Afhankelijk van het moment waarop jullie huurovereenkomst ondertekend werd, zal volgende regeling van toepassing zijn:
Huurovereenkomst afgesloten vóór 1 januari 2019
Volgens art. 1742 van het Burgerlijk Wetboek wordt het huurcontract niet ontbonden door de dood van de verhuurder, noch door de dood van de huurder. Het overlijden van de huurder zal dus geen invloed hebben op het (voort)bestaan van de huurovereenkomst.

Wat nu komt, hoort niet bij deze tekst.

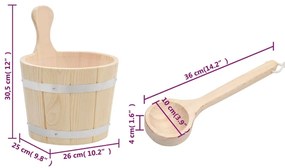 Conjunto de balde e concha de sauna madeira de pinho maciça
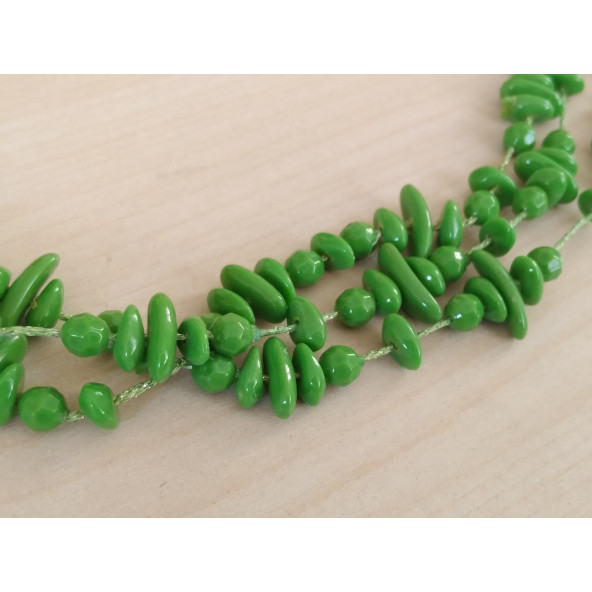 ÜÇ SIRALI YEŞİL BUNCUKLU BAYAN KOLYESİ, ÜÇLÜ YEŞİL BONCUK KOLYE - ÜÇLÜ YEŞİL KOLYE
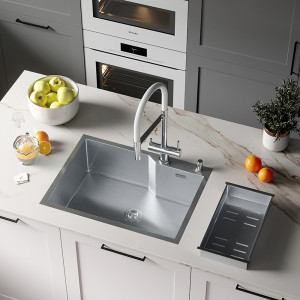 Кухонная мойка Roxen Wellnes 60 сатин в интерьере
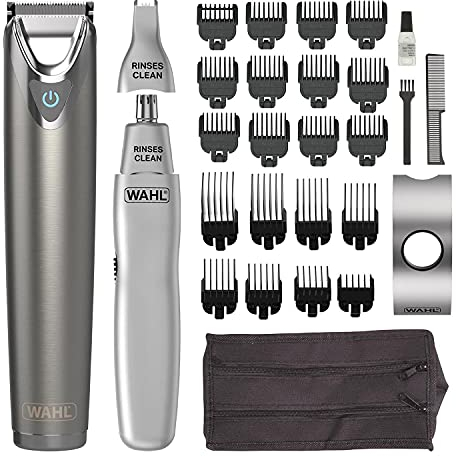 WAHL Stainless Steel Trimmer with Dual Head Ear and Nose Trimmer, 240 Minutes Cordless Run Time, Rinseable Features Hygienic Blades, Advanced Lithium Ion Technology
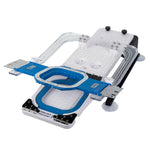 Blue 3.9-inch magnetic hoop fitted into the matching fixture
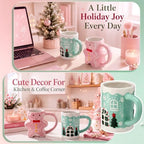 2 Pcs Christmas Ceramic Mugs, 3D Gingerbread Man and House, 12 oz - Image 4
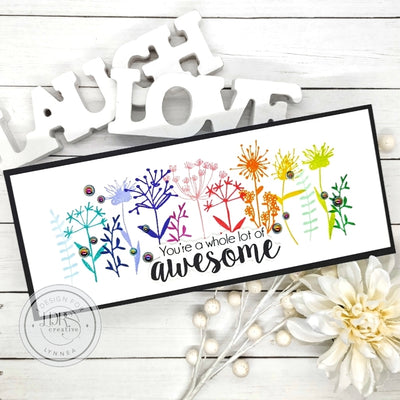 Rainbow Floral Silhouette Slimline Card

Dit heeft als gevolg dat de erfgenamen alle verplichtingen van de huurder zullen moeten overnemen. Voor erfgenamen die zelf niet in de woning wonen, is dit geen aangename situatie: zij zullen immers de huurgelden moeten blijven betalen, moeten instaan voor huurschade en huurherstellingen, en bovendien slechts kunnen opzeggen volgens de modaliteiten van het contract of de (woninghuur)wet.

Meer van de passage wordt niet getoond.